We started the day at a dry mill and warehouse run by an exporter called Volcafe in Santa Rosa de Copan. We cupped a handful of their best micro-lots from the start of this year's harvest and they were mind blowing. I certainly have never tasted a Honduras coffee of this caliber and every single offering was head and shoulders above anything I have ever tasted from this country. Having a whole group of such amazing coffees was a great opportunity to really dive into the flavor profiles and be a bit picky. Almost the whole team agreed on one ultimate favorite, the first 7 bag lot from a farmer named Francisco Perez - flavor notes included clean bright orange, apple juice, floral, red berry, with a sweet and rounded aftertaste. So far this has been my favorite coffee of the trip, and also the best Honduras coffee I have ever tasted.... and we still have several days to go!
Unfortunately it is unclear if this coffee will be available for export as is. Since it is such a small lot, exporters of this size will typically blend these great tasting micro-lots with others of the same caliber to create a larger lot for more efficient exporting. It makes sense in that for an exporter that will handle 200,000 bags this harvest to not have to manage the hassle of keeping 7 bags separated out when it could be a lot of 20 bags that tastes as great. Yes, a little traceability is lost, but in this unique situation I can also see how much benefit there is for these small farmers to work with this great exporter Volcafe. Sometimes things get complicated in coffee sourcing, but in this situation it is almost all around better the the farmer to have to sacrifice a little traceability. It's not ideal for the roaster, but sometimes we as roasters have to step back and not try to disrupt a process that is so beneficial to the farmer.
Sorry if that was a bit much, but this story illustrates the complexity of coffee trading.

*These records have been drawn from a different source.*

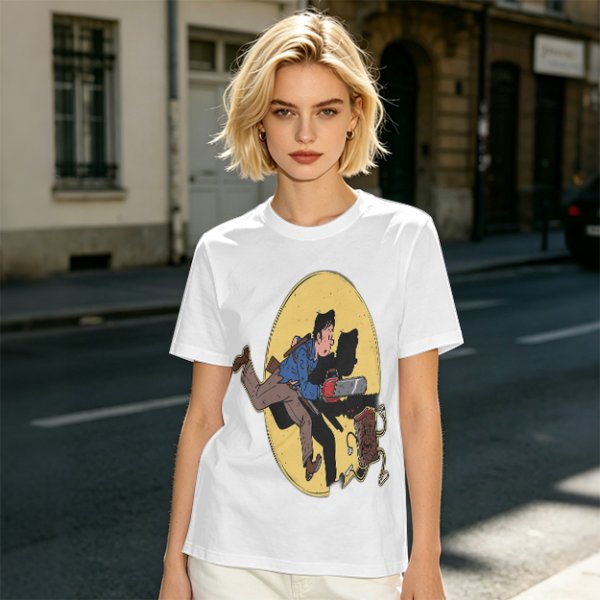 Olive T-shirt with Cartoon Chainsaw Action Character Print
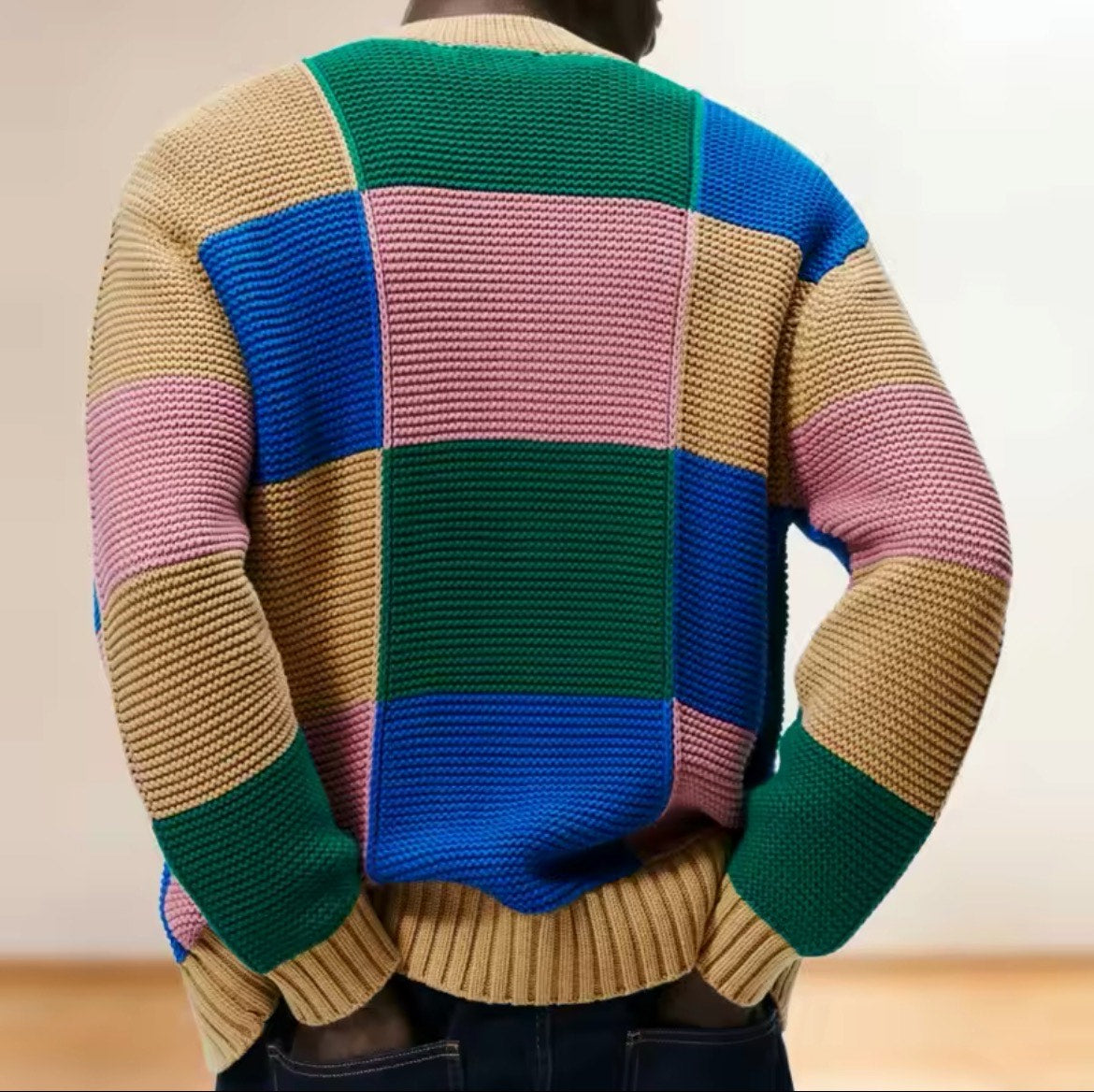 Heritage Luxe Wool Color-Block Cardigan for Men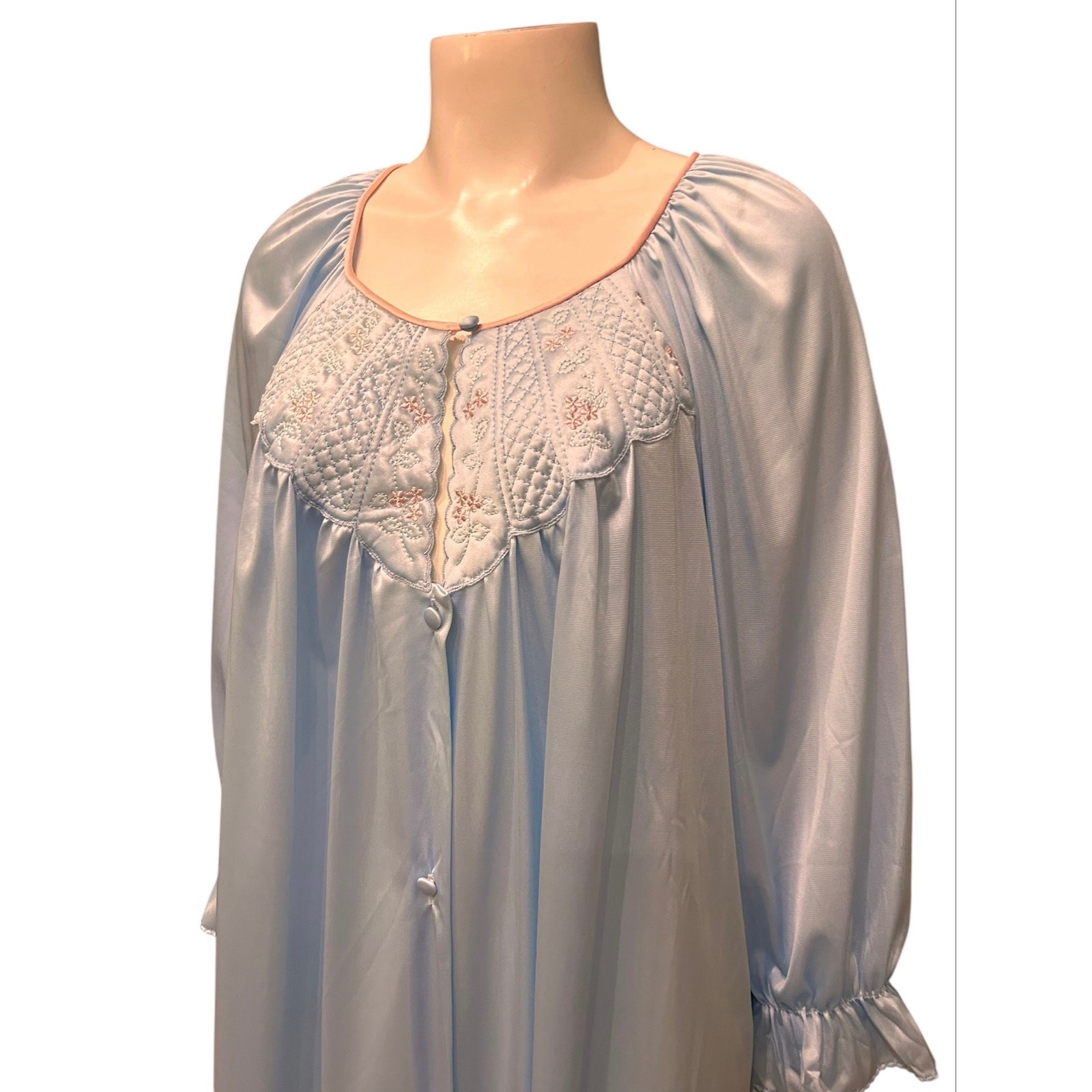 Vintage Vanity Fair Blue Nylon Nightgown Robe M Embroidered Floral USA ^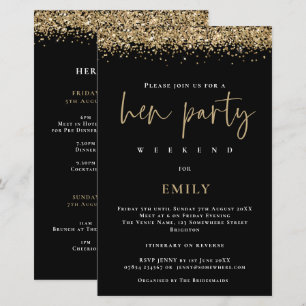 Convite Preto para Fim de Semana de Despedida de S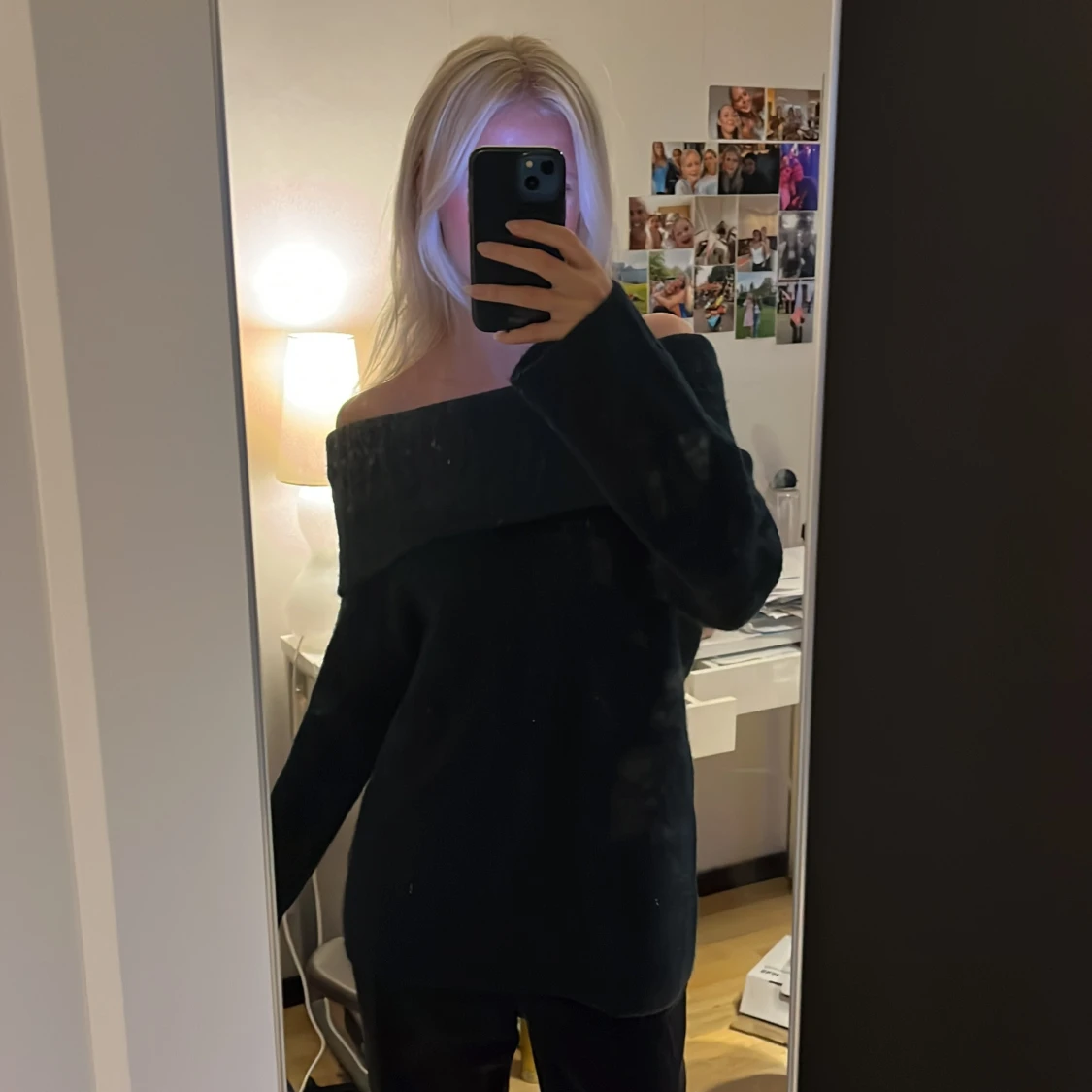 Mintgrön offshoulder stickad tröja - 2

Sourcing coffee is not just showing up, tasting coffees, and buying the best one... a lot of time has to be spent understanding the process the coffee moves through and seeking to understand if buying directly from a farmer is even more beneficial. It can be frustrating, and you can always feel like you are walking on thin ice as a buyer, but the important thing for me is that the farmer wins, even if his/her coffee is the best I've tasted and I can't buy it!
From the mill we went just to the other side of town to visit a cafe staffed by a Honduras barista competitor. Not only was the coffee and food very tasty, but below the cafe situated down in a valley was a coffee farm! This farm is completely family run and only produces Natural and Honey Processed coffee which is pretty unique for Honduras coffee farms where the washed process is king. So, needless to say it was quite unique to see a whole farm with raised drying beds producing only these unique coffees here in Honduras.
We popped in briefly at a historical site. It was a old fort situated on a plateau overlooking some incredible scenery.
From there we continued into the mountains to our resting place for the evening... a motel/coffee farm in the mountains only a few several miles from Francisco's farm!